Cerebral malaria (CM) is a severe neurological manifestation of infection with Plasmodium species. Mortality is high and neurocognitive deficits may persist in recovered patients. Evidences obtained from humans and in a rodent malaria model indicate that sequestration of infected erythrocytes within cerebral blood vessels and neuroinflammation are essential components of CM. Hence, to fulfill the promise of immune-based therapeutic interventions, a better understanding of relevant mechanisms of CM pathogenesis is needed. While a variety of immune cells, primarily CD8+ T cells, are involved, the mechanisms that govern immune cell cooperation leading to this lethal pathology are poorly understood. Using selective depletions recent studies have demonstrated the importance of CD11c+MHC-IIhi dendritic cells (DCs) as well as CD11b+F4/80+Ly6c+CCR2+ inflammatory monocytes (iMOs), both in host resistance to Plasmodium and pathogenesis of CM. Although these cell subsets have overlapping functions, DCs are more specialized in antigen presentation and shaping T cell mediated immunity.
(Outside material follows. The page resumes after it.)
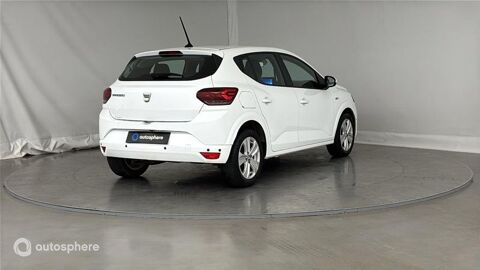 Sandero 1.0 SCe 65ch Confort -22 2022 occasion 02600 Villers-Cotter&ecirc;ts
However, the main DC subset(s) that mediate CM development has not been defined. We found that infection with P. berghei ANKA (Pba) promotes a massive differentiation of iMOs into splenic monocyte derived dendritic cells (MO- DCs) at 5 days post-infection, and two days later they emerge in the CNS culminating in the development of lethal CM. Thus, our main hypothesis is that MO-DCs are central players in promoting neuroinflammation in PbA infected mice. Our goal is to interrogate what are the endogenous elements that promote differentiation of iMOs into MO-DCs and the mechanism by which MO-DCs promote neuroinflammation in rodent malaria.
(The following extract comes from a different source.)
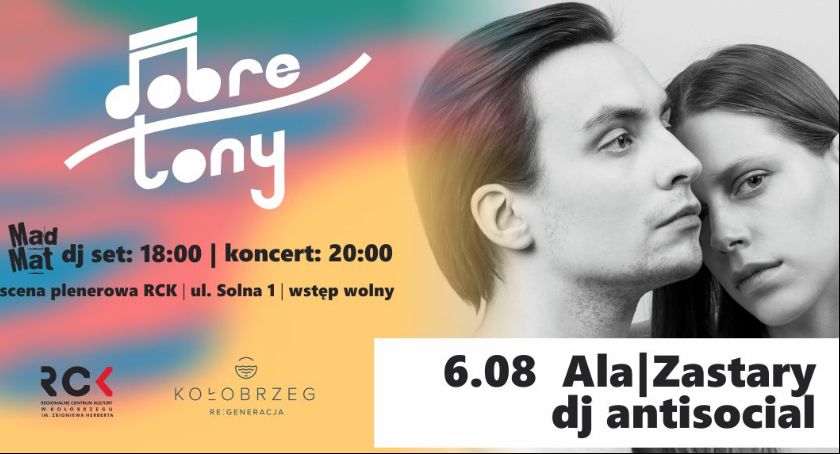 Cykl muzyczny Dobre Tony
Our first aim i s to fully characterize the malaria-induced splenic MO-DCs based on cell surface markers, morphological properties, and unbiased analysis of gene expression. Our preliminary results indicate that the highly purified MO-DCs (CD11c+MHC-IIhi CD11b+F4/80+DC-SIGN+Ly6c+) express high levels of IFN?-inducible chemokines, CXCL9 and CXCL10, as well as the chemokine receptor CCR5, thus we named these cells CCR5+CXCL9/10+ MO-DCs. Furthermore, activation of nucleic acid sensing TLRs have been shown to initiate cytokine response by both human and mouse macrophages and DCs exposed to Plasmodium components. Hence, in the second aim we will investigate the importance of TLR activation as well as IFN? in promoting MO-DCs differentiation and function. Finally, in Aim 3 we will investigate the emergence of MO-DCs in the CNS of PbA infected mice. Our preliminary data also suggest that CCR5 is a key chemokine receptor that mediates MO-DC migration into inflamed brain. We hypothesize that once in the CNS, MO-DCs are important source of CXCL9 and CXCL10, amplifying recruitment and activation of pathogenic CD8+ T lymphocytes. Taken together, these studies will provide novel and significant insights into the mechanisms that DCs mediate the development of neuroinflammation and pathogenesis of malaria.

Public Health Relevance

Malaria is the world's most common infectious disease, and kills millions of individuals annually. US citizens risk obtaining malaria when they travel or are engaged in military operations in tropical areas. The purpose of this grant is to gain a better understanding of why malaria causes disease in the hopes that better therapies can be devised, including an effective vaccine that might prevent malaria.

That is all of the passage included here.